As a studio art major, I feel as though any experience in working directly with other people/involving the public in the arts is relevant to my eventual goals. Although I don’t know exactly what they are, I know I’d like to be involved in facilitating community or educational involvement in the arts in the context of responding to real issues facing the given group of people involved. Professionally, I could see myself going into art therapy or maybe even art education (later in life), so having the opportunity to work with patients in an educational and clinical setting at Dana-Farber continues to give me clarity as to what direction might be the best fit for me.
My goals for this placement first off were just to take in the experience of functioning in this kind of setting and evaluate whether or not working with adult cancer patients was something I feel comfortable doing. In high school I interned for a local nonprofit that was a retreat center for children with cancer, and even though I mostly just worked in the office, the presence of serious illness changed the dynamic of everything we were doing. On the one hand, it was great to be a part of an organization making a truly meaningful difference in these families’ lives, but on the other hand it was very difficult trying to know how to respond to bad news in the most appropriate but sincere way. So far in my time at Dana-Farber, I’ve found that while trying to respond remains difficult sometimes, for the most part the positive outlook of the patients I’ve been working with has been incredibly inspiring.
Long term, I’d like to contribute to the educational resources Dana-Farber has to offer. Right now, there’s a bulletin board that serves as a “craft wall” that has examples of different projects available for patients to try out. There is a corresponding binder that has instructions for each craft; old volunteers generated most of the lessons in the binder. There is a second bulletin board that has an assortment of random drawings and paintings done by past volunteers and patients that is most likely work that was left behind…nothing special. I would like to change that. While I do work individually with some patients on fine art projects, the majority of the activity in the creative arts studio is focused on crafts. This isn’t necessarily a bad thing- crafts are great for a lot of people- I just want the fine arts to be better represented in the studio than it is now and maybe that will encourage more people to try that instead.

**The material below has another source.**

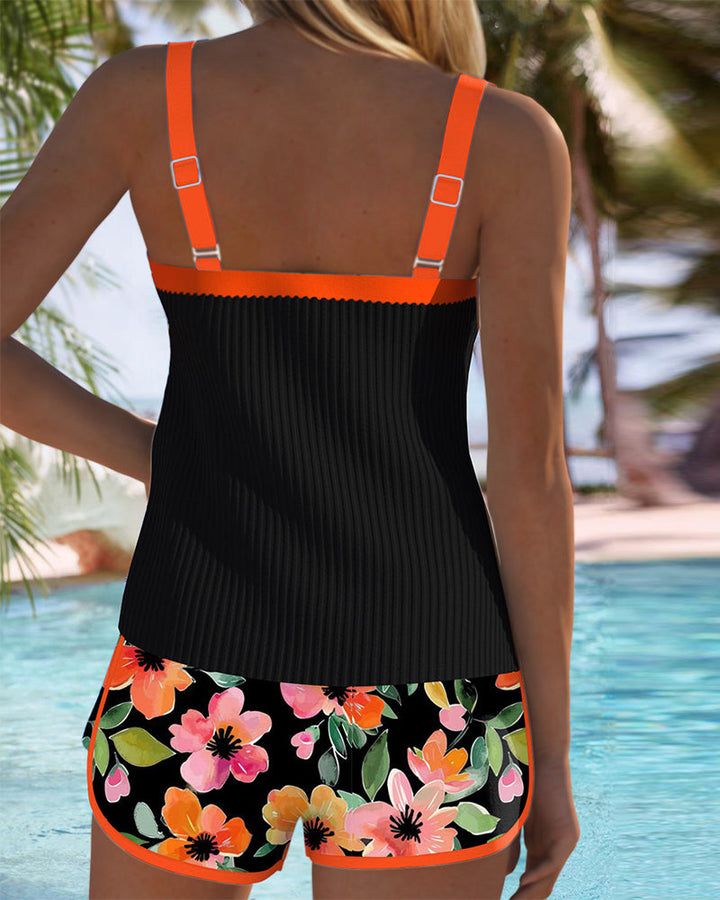 Laluna® | Set tankini elegante a due pezzi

I plan on going about this by starting a binder of my own, except full of technical drawing, perceptual drawing, painting, and mixed media techniques that can be applied to a wide variety of subject matter. I envision it like a simplified version of some of the drawing exercises from foundation drawing and painting. Variation of line, mark, proportion, plum lines, color mixing, color blocking, direct painting- I would like to leave them with a set of skills that will allow patients and future volunteers to go forth and feel confident enough to construct their own imagery instead of pulling it out of a national geographic magazine from 1988 or settling on a craft. I plan on including step-by-step visual examples to accompany the written prompts. I hope to have my first drawing activity written up and hopefully implemented by the end of March.
Of course, I will have to see how it all goes. Ultimately, my responsibility above all is to cater to the interests of the patients visiting the studio, so hopefully I will have some takers but there are no guarantees. However, if my examples are “good” or enticing enough, I think people will at least give it a try. I’ve noticed that the crafts with the most visually appealing examples are the most popular, however kitschy they are. That was my last negative comment about crafts.
I’ve found my experience as a whole so far has been very positive; it’s actually become my favorite place to be. I genuinely enjoy working with people who share my interests in visual arts and healing, and it’s been truly inspiring to be around so much positivity in spite of serious circumstances. I’m motivated to contribute quality educational fine arts programming to the studio and I hope it will be a helpful and intriguing resource for patients and future volunteers interested in fine art.